_Exercise brief:_
Set the listing down again exactly, please, apart from its pictures.

_Given data:_
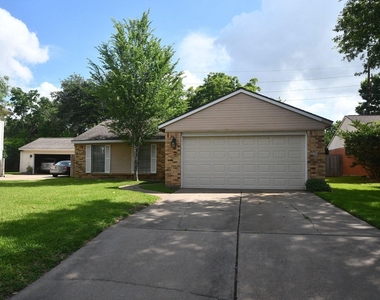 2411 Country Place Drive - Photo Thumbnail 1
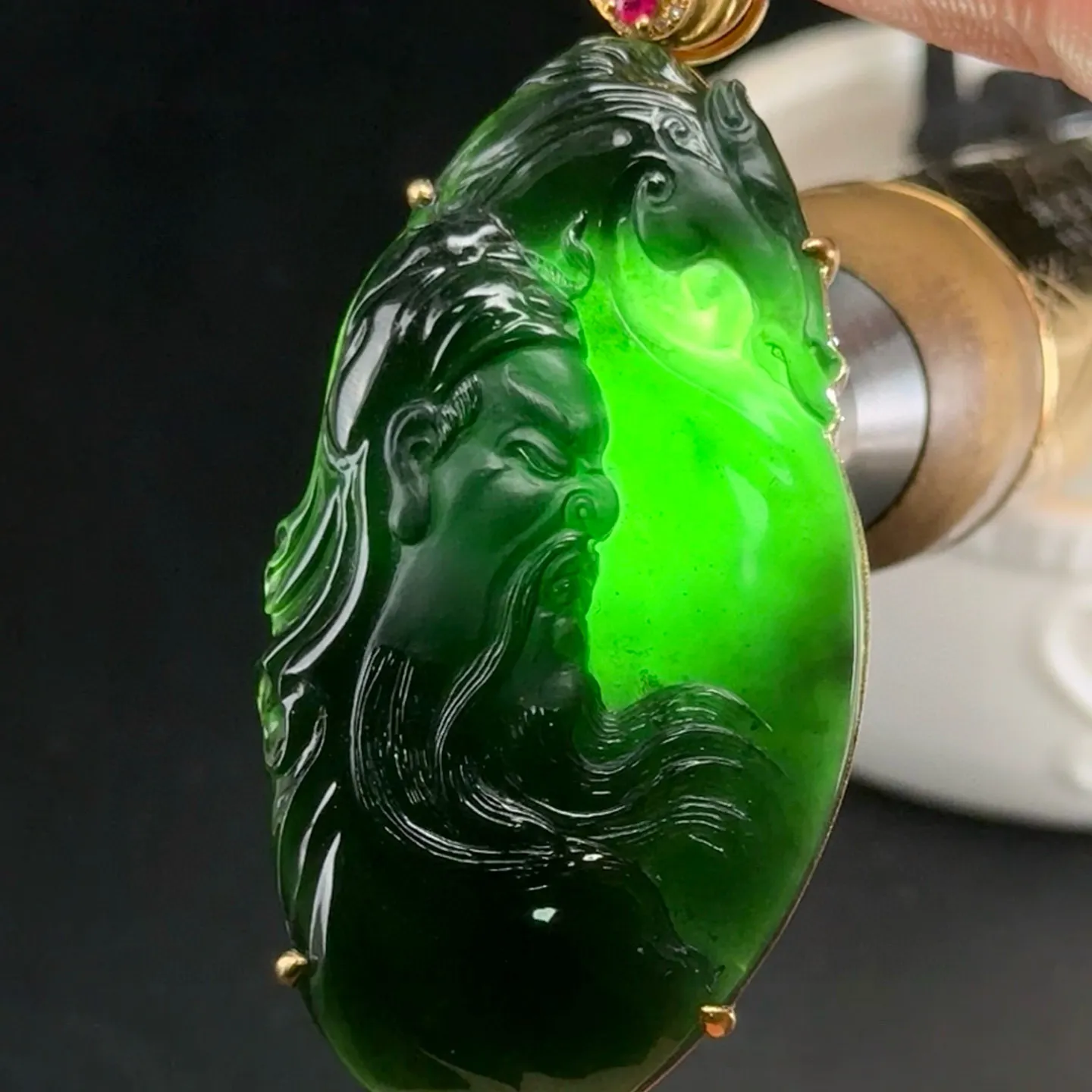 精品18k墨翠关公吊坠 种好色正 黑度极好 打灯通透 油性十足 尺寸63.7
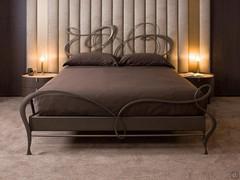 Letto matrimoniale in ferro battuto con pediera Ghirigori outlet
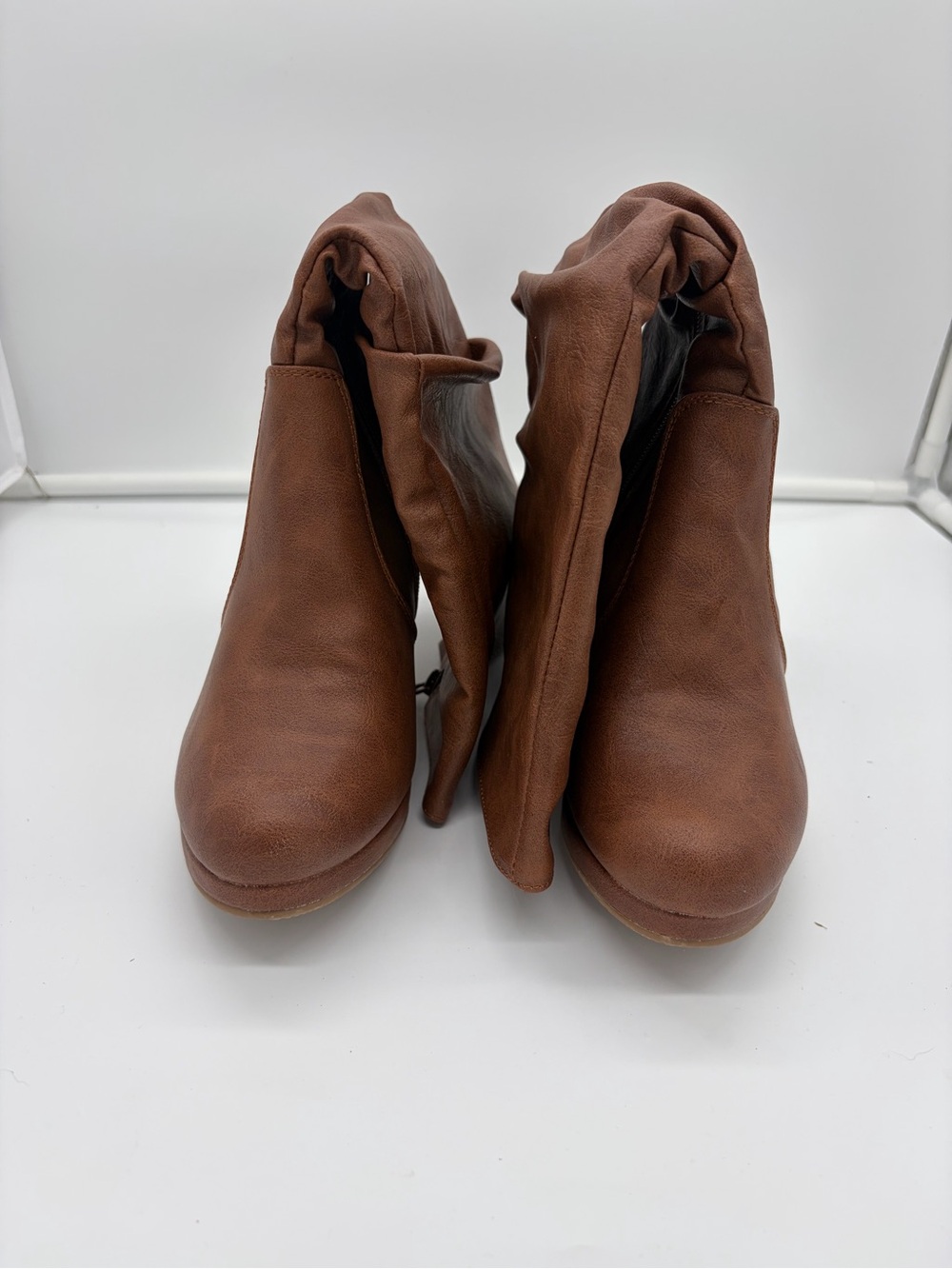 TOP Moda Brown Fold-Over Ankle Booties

_Written response:_
 2411 Country Place Drive - Photo Thumbnail 1
 精品18k墨翠关公吊坠 种好色正 黑度极好 打灯通透 油性十足 尺寸63.7
 Letto matrimoniale in ferro battuto con pediera Ghirigori outlet
 TOP Moda Brown Fold-Over Ankle Booties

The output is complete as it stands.